円の上値の重さを語るうえで、ポイントとなるのはやはり本邦勢による実需の資金フローでしょう。8月27日の講演で、日銀の鈴木人司審議委員は、実需の円売りドル買いの資金量が大きい状況下では投機的な円買いを仕掛けにくくなると考えられるという認識を示しています。

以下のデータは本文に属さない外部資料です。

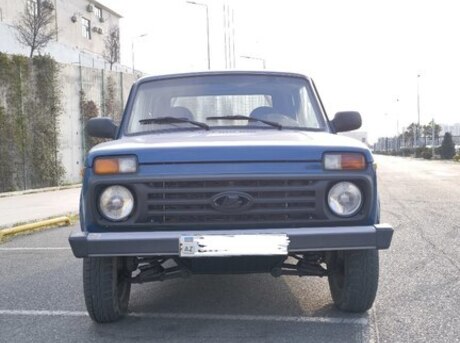 LADA (VAZ) Niva 2013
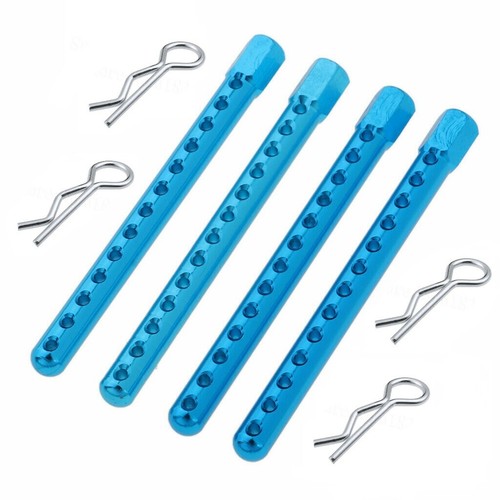 Upgrade parts hsp aluminium - parts,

はからずも、8月のドル円の値動きは投機が主導する円買いの限界を露呈したと言えそうです。なお、9月21日には104円ちょうどまで円高ドル安が進む場面がありましたが、ほどなく105円台を回復しており、円高トレンド再開と判断するのは尚早でしょう。

ドルの売り疲れ感の台頭も

話題を再びFRBの金融政策に戻したいと思います。FRBの姿勢が大きくハト派へ転換した理由はコロナショックであることは疑いがありません。8月24日に公開されたサンフランシスコ連銀の調査報告書では、新型コロナウイルスの感染拡大による需要減少でインフレ率に強力な下押し圧力がかかっていると指摘されています。

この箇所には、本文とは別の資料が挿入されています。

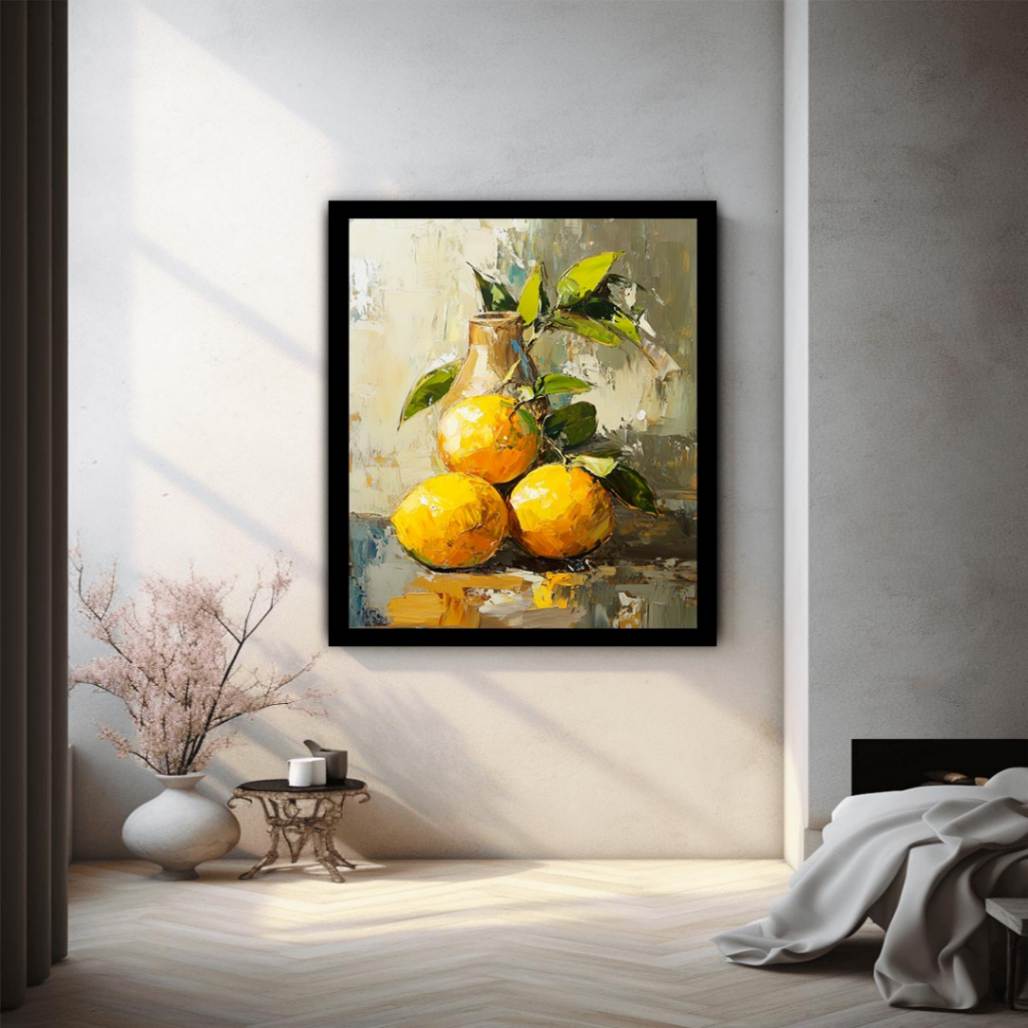 Citrus Serenade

コロナ禍が長期化した場合、FRBがイメージするのは低インフレに苦しむ日本や欧州の姿でしょう。当然ながら、長期にわたる金融緩和はドル売り安心感につながりやすいと言えます。

ただ、世界的に米国の金融政策が突出して緩和的とも言えないだけに、ドル安地合いの持続性には疑問も残ります。さらなる材料、つまり追加金融緩和期待の高まりのようなものがない限り、早晩、ドルの売り疲れ感が台頭する展開が想定されます。

一方、逆にリスクとなるのがFRBの想定以上に経済の正常化が早まるケースです。新型コロナウイルスは、もはや未知の感染症から通常の疾病へとステージが変わりつつあるのではないでしょうか。ワクチンの早期実用化が望ましいものの、それが叶わなくても過剰な社会活動の制限は解除されていく方向でしょう。

FRBのハト派姿勢の早期転換はメインシナリオではありませんが、その可能性を排除しないほうがよいでしょう。いずれにしても、一本調子のドル安進行はそう容易ではないとみられます。